This is the imaginary line in the sand drawn by Joe "King Coal" Manchin last week when he refused to confirm Joe Biden's board nominee Sarah Bloom Raskin to the Federal Board of Governors -- because this is the kind of climate policy she thought was imperative. Looks like we might get it via a different agency.
"My phone lit up with push news alerts on this yesterday, how the Securities and Exchange Commission is proposing rules that will require companies to report on operations and how they affect the climate. Tell us why this is so important," Jonathan Lemire said on MSNBC this morning.

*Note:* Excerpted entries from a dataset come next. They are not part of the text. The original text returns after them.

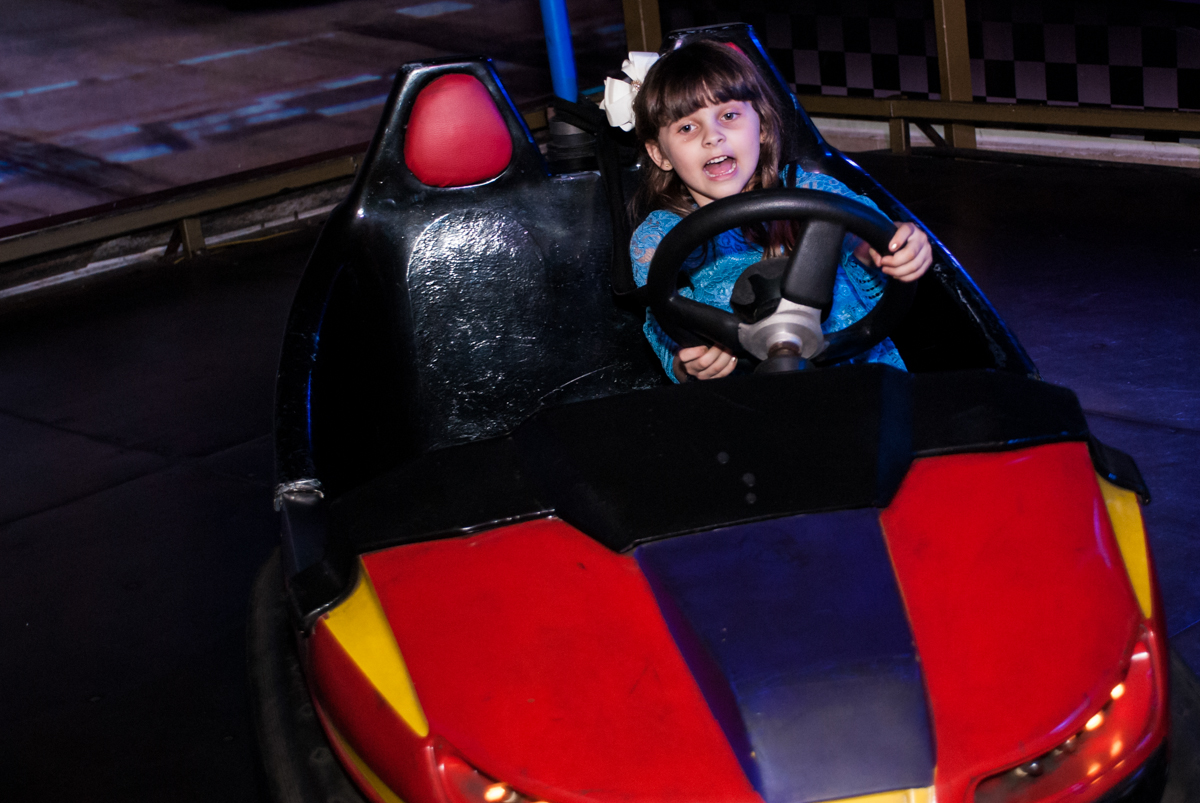 dirigindo o carro bate bate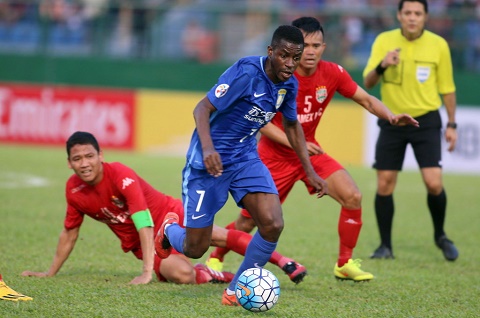 Ramires chua the hien duoc nhieu o Jiangsu Suning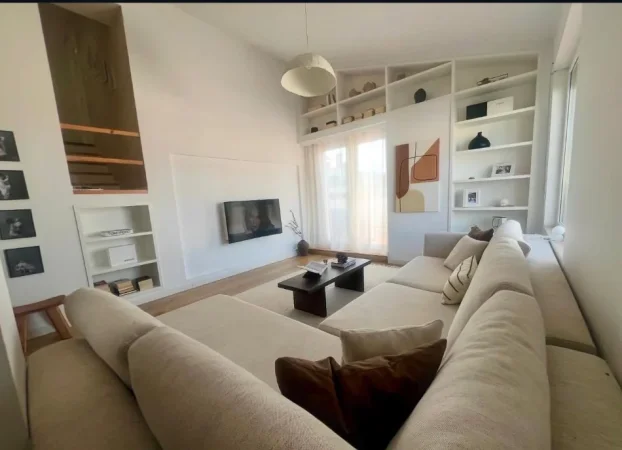 Tirane, jepet me qera apartament duplex 2+1+Aneks+Ballkon Kati 6, 180 m² 1.200 € (kodra e diellit)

"Same here, Jon. My phone was also lighting up yesterday, around this news. And it is a pretty big deal. We're at a junction when it comes to how corporations will disclose their climate change agenda, and how this influences the way investors think about putting their money in these companies. So yesterday the S.E.C. proposed rules that would require publicly traded companies to report on how their operations affect climate and carbon emissions.
"Now, the rules are expansive. And the S.E.C. chair said that they would not only have to protect investors, but also respond to requests for greater clarity from corporations themselves. The idea is that if climate change is going to have a significant impact on a company's future earnings, then investors should have the clarity and the information as early as possible, before making their investment. But it is controversial, with critics suggesting that the package from the S.E.C. may in fact be a way to jumpstart the Biden administration's environmental agenda. And they would argue that this kind of policy setting should come from lawmakers, not the S.E.C.
"Now, it enters its 60-day comment period where investors and businesses can comments on it. so it's not necessarily a done deal. But expect to hear a lot more about this in the days ahead."